À lire aussiMarine Le Pen face à l’offensive Mélenchon
En plein processus de dédiabolisation avec le Front national, Marine Le Pen veut, elle, apparaître comme une présidentiable crédible. Objectif: déjouer le duel annoncé entre Nicolas Sarkozy et François Hollande au second tour. Pas question, donc, d’offrir un peu de lumière à celui qui mise sur sa chute pour la doubler.
Très vite ce soir-là, la candidate du FN rabaisse son contradicteur au rang de «voiture-balai» du candidat PS. «Je débats avec des vrais candidats à la présidentielle. Pas avec des candidats à des postes de ministres et qui vont appeler à voter au second tour pour François Hollande», tonne-t-elle. Elle insiste, encore: «Ce débat n’a pas de sens parce que vous n’êtes pas du tout au même niveau électoral que moi. Comme je suis dans le trio de tête, j’aurais bien aimé pouvoir débattre avec ceux dont je pourrai éventuellement prendre la place au second tour», enchaîne Marine Le Pen. «Où j’en suis dans les sondages aujourd’hui, c’est le score qu’a fait votre père la dernière fois. Prenez-moi de moins haut, s’il vous plaît, car la surprise va être extrême pour vous bientôt», réplique, piqué, Jean-Luc Mélenchon.
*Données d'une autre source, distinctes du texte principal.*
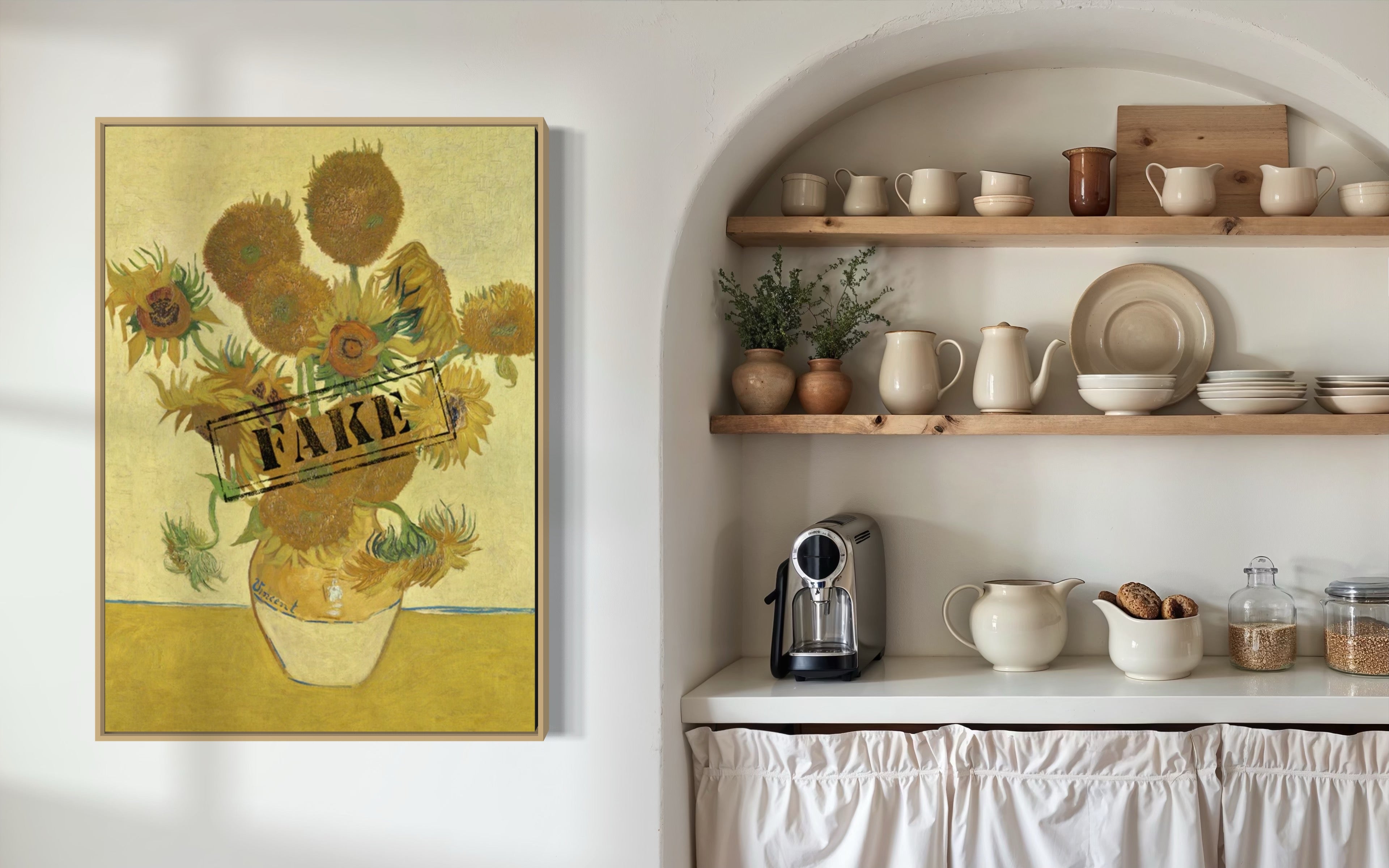 Fake Van Gogh Sunflower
Le candidat de la gauche radicale peine à reprendre la parole. Il s’agace: «Cette femme va parler comme un moulin pendant combien de temps avant que puisse parler?» Impossible d’embarquer sa rivale sur les questions de fond. «S’il faut que je le dise cinq fois, je le dirai cinq fois, je n’entends pas débattre avec Monsieur Mélenchon», appuie Marine Le Pen. «Est-ce que je peux au moins parler tout seul?», finit par demander Jean-Luc Mélenchon, suscitant de nouveaux rires dans le public.
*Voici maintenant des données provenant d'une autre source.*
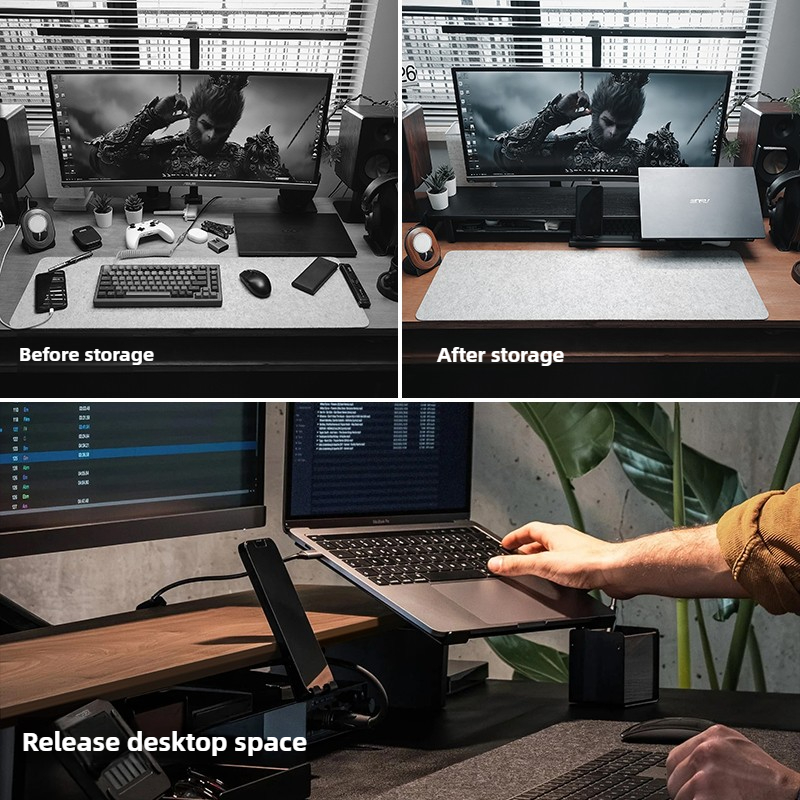 Modular Monitor Riser Stand Er - Desk Setup Laptop And Monitor recension och pris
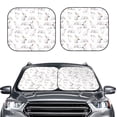 thumbnail image 2 of Daiia Rabbit Eating 2PCS Car Windshield Sun Shade, Foldable Sun Shield for Car Front Window, Auto Sun Blocker Visor Protector Universal for Truck SUV Pickup-Large, 2 of 7
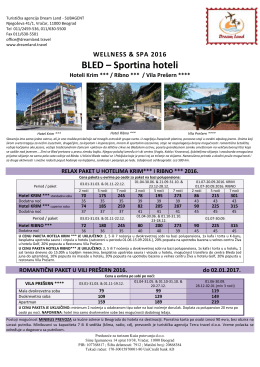 BLED – Sportina hoteli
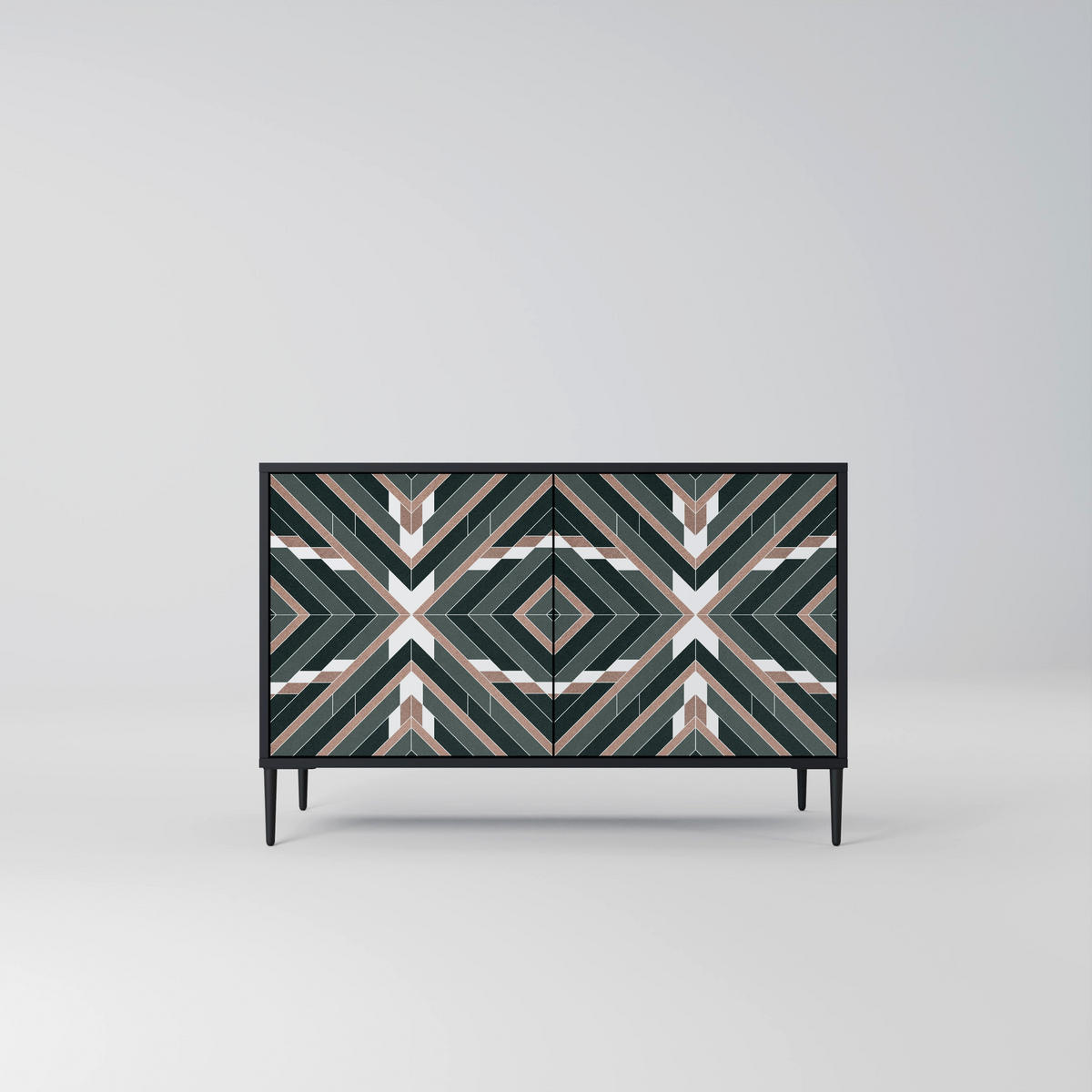 SIDEBOARD DIMENSION DELIGHTS, Eicheneffekt, 111x42x77,5 cm, 2 Türen - Eichefarben/Buchefarben, Holzwerkstoff/Buchenholz (111/77.5/42cm) - SpaceRebels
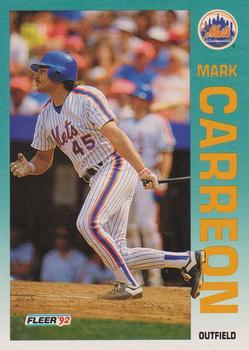 #498 Mark Carreon - New York Mets - 1992 Fleer Baseball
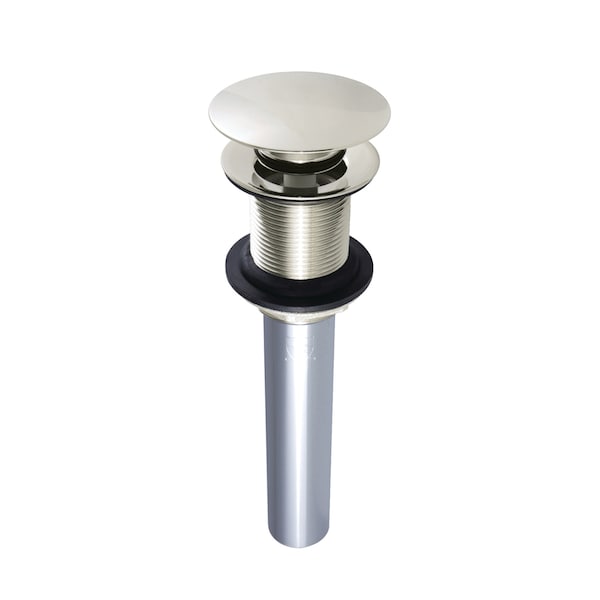 Brass, Bathroom Sink Drain, Push Pop-Up Drain without Overflow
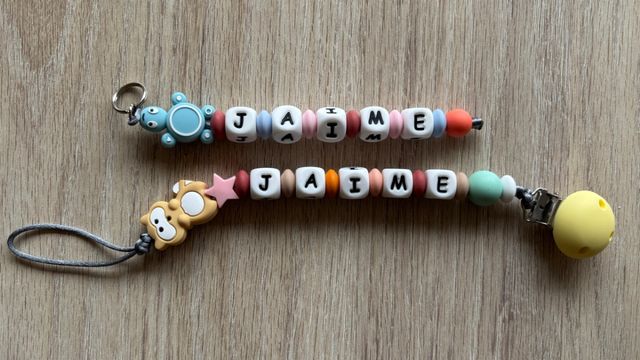 Chupetero/Llavero personalizado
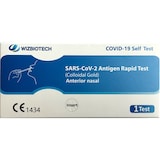thumbnail of 10x WIZ BIOTECH Schnelltest Nasal Laientest COVID-19 SARS-CoV-2 Antigen Rapid Test (Colloidal Gold)
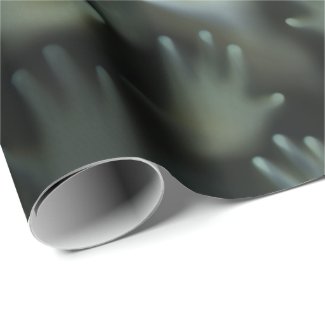 Screamer Haunted Lost Souls Gothic Hands Faces Wrapping Paper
Les quelques mots de Marine Le Pen lâchés à son adversaire consisteront simplement à lui rappeler ses récentes attaques «violentes» et «antirépublicaines». «C’est ainsi que le 18 janvier, lors d’un point presse à Metz, vous m’avez traité de “semi-démente”» souffle-t-elle. «Ça vous laisse une bonne moitié» rétorque son rival du tac au tac. Hilarité générale dans le public.
Et maigre lot de consolation pour le candidat du Front de gauche, qui avait prévu de boxer fort en épinglant son adversaire sur sa volonté de «supprimer le remboursement par la Sécurité sociale de l’interruption volontaire de grossesse». Il n’obtiendra pas de réponse non plus sur la promesse du FN de «refuser l’aide médicale aux étrangers». «Madame Le Pen semble avoir oublié que les microbes qu’ont les étrangers ignorent ceux qui ont des papiers et ceux qui n’en ont pas. Ceux qui sont sur les gens qui n’ont pas de papier passeront sur ceux qui ont des papiers», raille-t-il, tandis que sa rivale fait mine de feuilleter les journaux étalés face à elle. Dont un exemplaire de La Voix du Nord titré: «Un Nordiste sur quatre tenté par le vote FN».
À lire aussi«Le coup de Bérégovoy, ça ne passe pas»: ce jour où Angot refuse le «dialogue» avec Fillon
Le temps file et le dialogue reste impossible. «C’est terminé pour ce débat qui n’en était pas vraiment un, mais on aura essayé», regrette David Pujadas. «Je suis assez frappée de voir qu’en toute connaissance de cause vous avez pu vous commettre dans l’organisation de ce cirque», soupire Marine Le Pen. «Dans ce cirque, vous êtes le clown», achève Jean-Luc Mélenchon.
Deux mois plus tard, celle qui rêvait de s’inviter au second tour viendra finalement fermer le podium (17,90 %), tandis que celui qui se rêvait en troisième homme finira quatrième (11,10 %). Loin derrière les finalistes, Nicolas Sarkozy (27,18 %) et François Hollande (28,63 %). Jean-Luc Mélenchon et Marine Le Pen se retrouveront néanmoins quelques semaines plus tard, lors de l’élection législative dans la 11 circonscription du Pas-de-Calais. Élection que ni l’un ni l’autre n’a remportée.